Ils s'assirent tous deux sur la paille, et, trop consternés pour se communiquer leur terreur, ils restèrent dans un morne silence. La jeunesse du page vint pourtant à son secours. Au bout de deux heures, Saint-Julien l'entendit ronfler; pour lui, ses agitations cruelles ne lui permirent pas de goûter le moindre repos.

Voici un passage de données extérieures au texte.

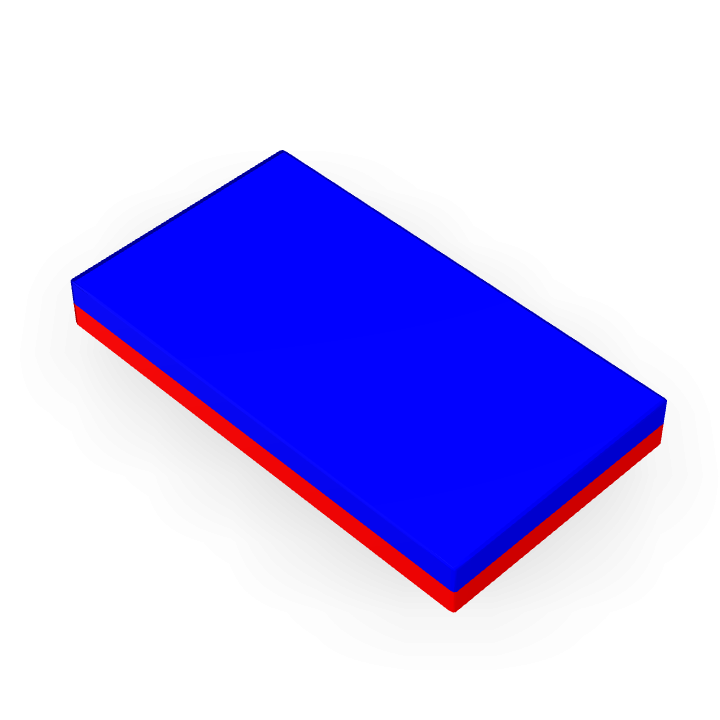Neodymium 18mmX10mmX2mm
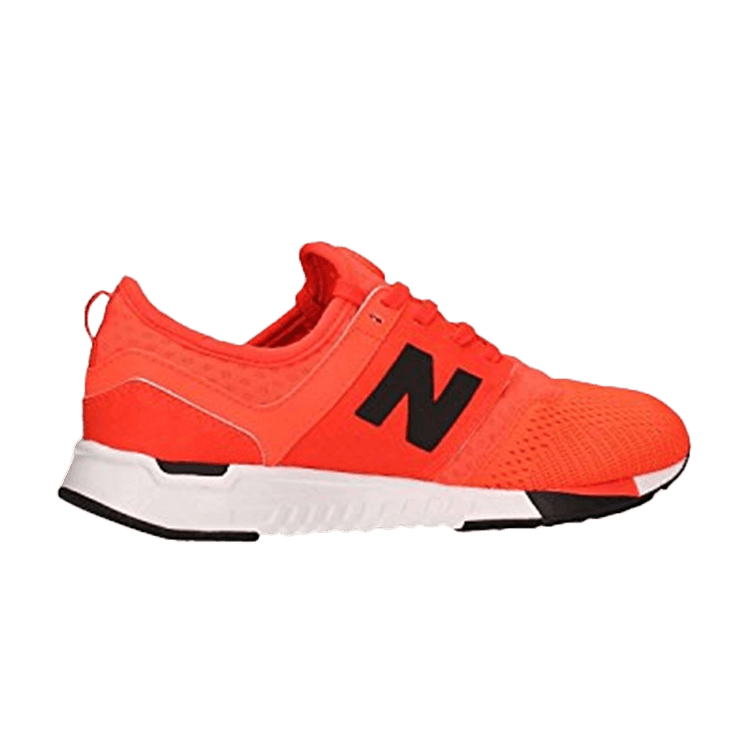 New Balance 247 Big Kid 'Orange' — Orange/Black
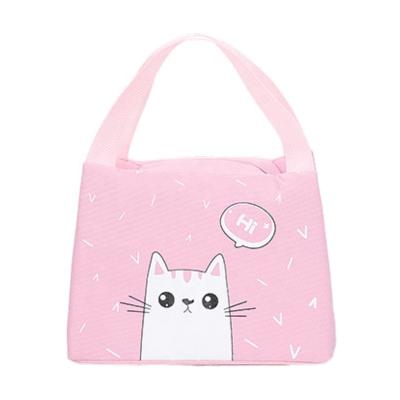 China Foldable Animal Freezable Lunch Bag Lunch Bags Food Storage Cardboard Cooler Bag for sale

Lorsque Galeotto s'éveilla et qu'il vit, au faible jour qui éclairait le cachot, Saint-Julien triste, mais en apparence, calme, à ses côtés, il retrouva sa fierté, et, craignant de s'être montré pusillanime, il affecta une insouciance qu'il était loin d'avoir. Son esprit facétieux vint à son secours, et il exhorta son compagnon à braver gaiement l'adversité. Saint-Julien sourit en songeant à la grande vaillance de Panurge après la tempête. Néanmoins, comme le danger pouvait bien n'être pas passé, et que, dans tous les cas, il avait entraîné le pauvre page dans une aventure peu agréable, Saint-Julien eut assez d'égards pour lui et feignit de croire à son courage. Ils passèrent une assez maussade journée et prirent le plus maigre des repas. La résolution de Galeotto faillit s'évanouir en cette circonstance; mais le sang-froid de Julien le piqua d'honneur; et, chacun jouant de son mieux un rôle héroïque vis-à-vis de l'autre, ils arrivèrent bravement jusqu'à la nuit. Alors Julien, accablé de fatigue, s'étendit sur la paille et s'endormit. Mais, au bout de quelques heures, ils furent éveillés par le bruit des verrous et des clefs tournant dans la serrure; la lueur sinistre d'une torche pénétra dans le cachot, et lui montra la sombre figure du geôlier conduisant quatre hommes masqués. À cette vue, Galeotto jeta un cri d'épouvante, et Julien jugea que sa dernière heure était sonnée. Alors s'armant de toute la fermeté d'âme dont il était capable, il s'avança gravement au-devant de ses bourreaux et leur dit:
«Je sais ce que vous voulez faire de moi. Ne me faites pas languir.»
Mais on ne lui répondit pas un mot, et on lui attacha les mains comme la veille. Au moment où on lui remettait un bandeau sur les yeux, il demanda si on allait le séparer de son compagnon d'infortune.
«Vous pouvez lui faire vos adieux, répondit une voix creuse et lugubre qui partait de dessous un des masques.»